現代の世を虚無僧で生きる一路の日記。歴史、社会、時事問題を考える

尾張名古屋の再評価

2011-09-08 13:05:40 | 虚無僧日記
尾張藩幕末風雲録-血らずして事を収めよ』(渡辺博史)
 ブックショップ・マイタウン 2,650円

この本は、名古屋人の気質の“特殊性”を教えてくれる。

「名古屋検定試験、その①『名古屋城は誰が建てたか?』
「大工さん」ではない「徳川家康」が正解。

名古屋城の築城は慶長12年(1607)。これは家康の関東入封
から17年後。「関が原の合戦」から7年後。「大阪滅亡」の
7年前。

つまり、名古屋は、西国への備えとして新たに造られた
「軍事都市」だった。大垣-岐阜を通る「東山道(中山道)」と
桑名から海路を熱田に来る「東海道」の要衝を守るために
造られた。

「軍事都市」だから、“よそ者”の往来を許さず、江戸
初期においては、商業も文化も栄えなかった。「名古屋は
文化不毛」というのは、このスタート時にある。

それが一転するのは、100年後。8代将軍「吉宗」に
ライバル心を燃やした 尾張7代藩主「宗春」。
幕府の緊迫した財政立て直しのために「質素倹約令」を
発した「吉宗」に対して、「宗春」は、それを無視。
歌舞音曲を許し、「名古屋は芸どころ」と言われる
文化を築いた。

しかし、そのことが吉宗の逆鱗に触れ、「宗春」は
隠居謹慎。その処分にもおとなしく従う。

幕末に、尾張がさっさと徳川宗家を見限ったのは、
紀州家出身の「吉宗」との確執かとも言われるが、
どうもそうではないらしい。成瀬、竹腰の二家老は、
家康から派遣された目付役でもあり、家臣共は、
あくまで「お家安泰」のために、徳川宗家に従順
だった。

そして幕末、尾張の支藩「高須松平家」の「慶勝」が
聡明の噂高く、藩主に迎えられる。そして、慶勝は
「長州征討」の総督を命ぜられる。

この時 慶勝は、戦う意思はさらさら無く、長州藩の
家老3人の首を差し出させて、さっさと引き揚げて
しまった。

このことは、長らく「不甲斐ない」所業とされて
きたが、「内戦などやっている場合ではない」と
いうのは、坂本龍馬とも同じ意見。
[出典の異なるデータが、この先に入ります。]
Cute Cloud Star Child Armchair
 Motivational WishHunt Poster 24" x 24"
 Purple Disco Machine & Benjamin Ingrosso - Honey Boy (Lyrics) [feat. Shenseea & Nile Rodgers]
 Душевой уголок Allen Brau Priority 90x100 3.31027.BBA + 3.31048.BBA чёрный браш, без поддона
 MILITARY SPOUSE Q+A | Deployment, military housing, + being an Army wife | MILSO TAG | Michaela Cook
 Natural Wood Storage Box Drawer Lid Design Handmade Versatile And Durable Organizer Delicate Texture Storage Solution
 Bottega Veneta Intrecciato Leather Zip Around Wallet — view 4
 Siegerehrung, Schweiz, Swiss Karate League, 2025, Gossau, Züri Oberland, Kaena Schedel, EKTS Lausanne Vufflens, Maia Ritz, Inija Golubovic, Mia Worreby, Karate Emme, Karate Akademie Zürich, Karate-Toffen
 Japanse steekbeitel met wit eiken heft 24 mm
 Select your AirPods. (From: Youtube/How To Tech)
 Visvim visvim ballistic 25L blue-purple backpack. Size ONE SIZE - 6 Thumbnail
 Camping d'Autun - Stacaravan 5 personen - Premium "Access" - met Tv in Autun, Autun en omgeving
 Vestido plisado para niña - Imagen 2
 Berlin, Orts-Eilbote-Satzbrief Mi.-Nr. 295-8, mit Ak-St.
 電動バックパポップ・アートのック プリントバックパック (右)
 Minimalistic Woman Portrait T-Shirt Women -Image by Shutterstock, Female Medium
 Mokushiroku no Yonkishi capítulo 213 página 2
今日、平成の世
には、受け入れられる決断だ。

時代が変わり、評価も変わる。尾張藩の立場を再評価
させた「渡辺博史」氏の卓見にも感心する。


ブックショップ・マイタウンから「虚無僧関連」の書

2011-09-08 12:19:52 | 虚無僧日記
私が「ブックショップ・マイタウン」を知ったのは、
芥見村 虚無僧闘諍一件』(全4巻 8,400円)を世に
出したこと。高校教師の鬼頭勝之氏が古本屋で見つけ、
その印影本。

岐阜の芥見(あくたみ)で、甲州乙黒の明暗寺と、浜松
普済寺の虚無僧が、留場(とめば=縄張り)争いを起こし、
死者まで出る騒ぎとなった。それに佐屋の船頭まで加わって
いて、その者が江戸まで出頭しての裁判の経緯を綴った
記録。この事件をきっかけに 幕府は普化宗の弾圧に
乗り出す。明治になって普化宗が廃宗となったのも、
この事件で、虚無僧の実態が明らかにされたからとも
いえる貴重な古記録である。

鬼頭勝之氏は、この古文書を使って「古文書解読」の
勉強会も開いておられた。そして、この解説書、
■『普化宗弾圧の序曲』( 3,150円 )も出版され、
虚無僧研究に一石を投じられた。

さらに 出たのが、■『虚無僧雑記』(3,150円)。
『金城温古録』の著者、奥村得義が書いた『虚無僧雑記』を、
小寺玉晁が増補・校訂したもの。本書は、静嘉堂文庫に
所蔵されていたものの印影本。「家康公掟目、諸国の
普化宗寺院、尺八伝来記、関係古文書などが収録されて
おり、虚無僧研究のうえでも貴重な史料となっている。

私が名古屋を離れられないのは、虚無僧に関しての
意外な史料が まだまだ出そう だから でもある。

名古屋は郷土史不毛

2011-09-08 09:28:23 | 虚無僧日記
信長、秀吉、家康の三英傑を産みながら、「郷土史不毛」の
名古屋で、ひとり奮闘されている方がいる。
ブックショップ・マイタウン」を経営する「舟橋武志」氏。
名古屋関連の書を、すでに 200冊近くも出版しているのだが、
店は新幹線の高架下の貸し事務室街。人通りも全く無く、
「普通の本屋のような店舗は構えられない」とのことで、
インターネットを通じて販売している。

会津では「歴史春秋社」が、会津関係の書を400冊以上も
出しており、コンビにや道の駅、観光土産物店でも売られて
いたのに比べると、名古屋の郷土史本は不遇だ。  

最近出たのが『尾張藩幕末風雲録-血らずして事を収めよ
(渡辺博史著 2,500円)
幕末、大政奉還から鳥羽伏見へと大転換の中、御三家筆頭
でありながら、いち早く薩長に恭順してしまった尾張藩主
徳川慶勝。会津側から見れば、「裏切り、腰抜け、会津藩主
松平容保の実兄でもあるのに、兄弟の情もない冷たい仕打ち」
という評価だが、この書は「慶勝の冷静沈着で即断即決の判断が、
江戸の無血開城へと導き、さらには 明治になって、会津藩の
救済にも尽力し、明治維新の大転換を最小限の混乱と被害で
収めた」と再評価している。

渡辺博史は、「幕末史については、新撰組や会津白虎隊の
悲劇など、断片的な話はいくらでもあるが、江戸幕府の
崩壊から明治新政府の樹立までの過程を 総合的に把握
できる書は少ない」と。

なるほど、おっしゃるとおり。この書は「仲介役の尾張慶勝」に
軸足を置いて、幕末、明治維新を解き明かした。文章も
実に読みやすく 解りやすい。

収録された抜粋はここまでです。